This weekend, J Street, a new Jewish "Pro-Israel, Pro-Peace" PAC and Washington-based organization is holding its first national conference. The two of us, along with another artist, were to perform and read poems at several sessions during the conference. Specifically, we were invited to lead a workshop on how culture and spoken word create democratic spaces that sift through difficult issues and ensure a multiplicity of voices are heard: and how that can be used to open up the Israel/Palestine debate. Instead, we have been censored and pushed out of that very debate.

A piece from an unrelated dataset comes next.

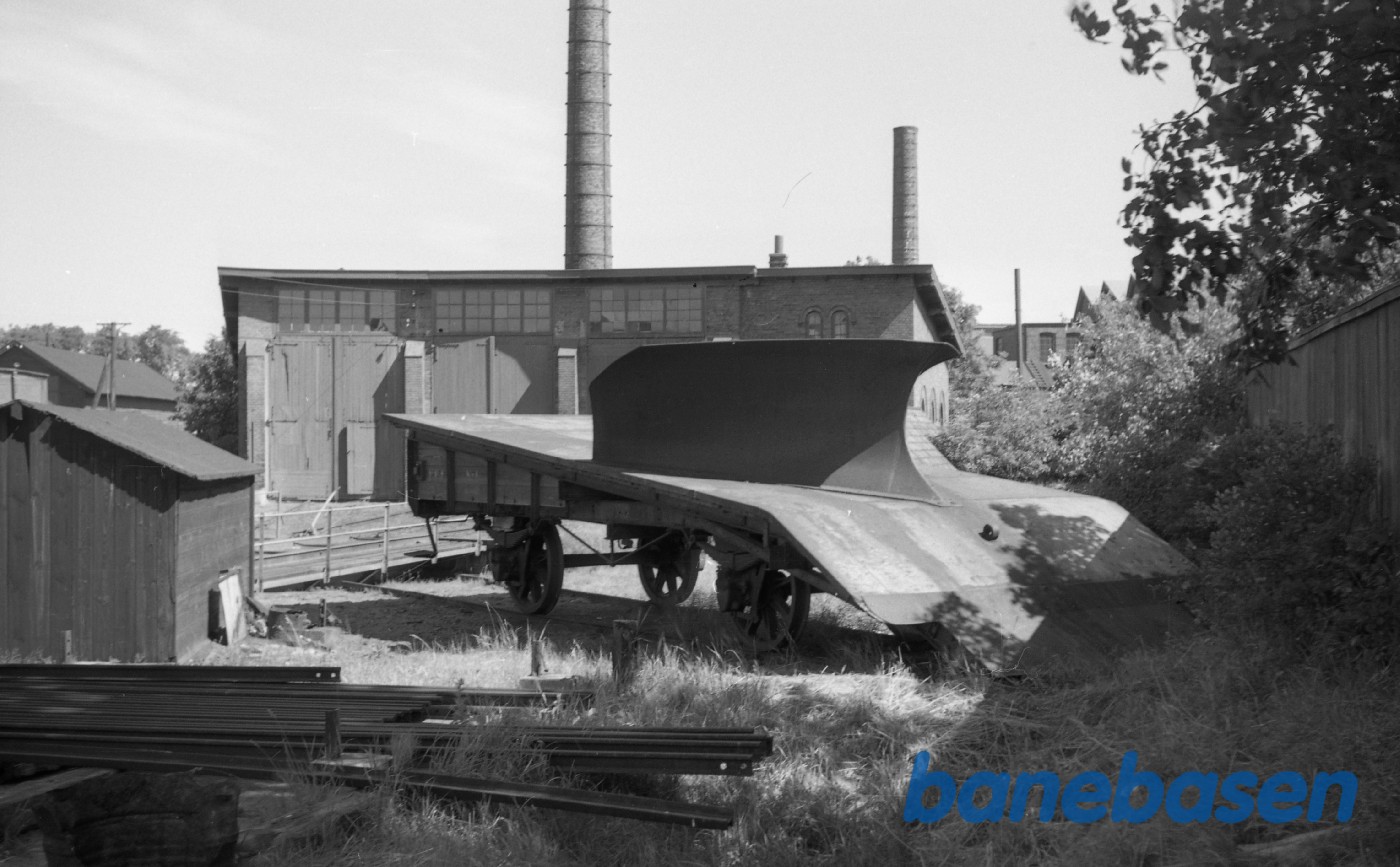 FFJ plov 1 ved remisen FFJ plov 1 ved remisen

This week, some right-wing blogs and pseudo-news organizations latched on to various lines of poems Josh wrote and churned the alarmist rumor mill saying that hateful anti-Israeli poets are keynote speakers at the J Street conference. This is not surprising. The radical right-wing, including the growing Jewish right-wing of this country and abroad, hates complex discourse, especially when it brings to light truths they seek to systematically deny. The Weekly Standard, Commentary, and their AIPAC-influenced brethren have been attacking J Street for weeks, scared that the conference will bring together the majority of American Jews who do favor a more rigorous peace process. When they found Josh's poems and took lines out of context, they had the perfect straw man: the Van Jones to J Street's Obama. Again, this is not surprising.
What is disappointing, and troubling, is J Street's response in caving to this sort of McCarthyism. The executive director of J Street called us to say "I know what I'm doing is wrong ... but there are some battles we choose not to fight," before canceling our program, and disinviting us from the conference. This accommodates their red-baiting and is the wrong response. Rather than give in, which only emboldens the right and legitimizes their attacks, we need to stand up for our principles and engage on that front. Van Jones is another perfect example: after the Fox News venom became too much and he resigned last month, the radical right hasn't stopped attacking Obama, or more accurately, the alternative, progressive voice they fear he represents. The right stands by its politics, and practices solidarity with their allies. Too often the left doesn't. And that's why we often lose -- on health care, on global warming, and on Israel/Palestine.
For the second time in two months Kevin, who is Jewish, has been told not to come to a Jewish conference because of what he will say about Palestine and Israel. This past August, the evening before the International Hillel Conference, conference planners said if he were to read poems about Palestine, they'd rather not have him. Today, Josh, who is Jewish, has had his name thrown into a mudslide of blogs and hate emails. All this because we are practicing the Jewish maxim of the refusal to be silent in the face of oppression, anyone's oppression.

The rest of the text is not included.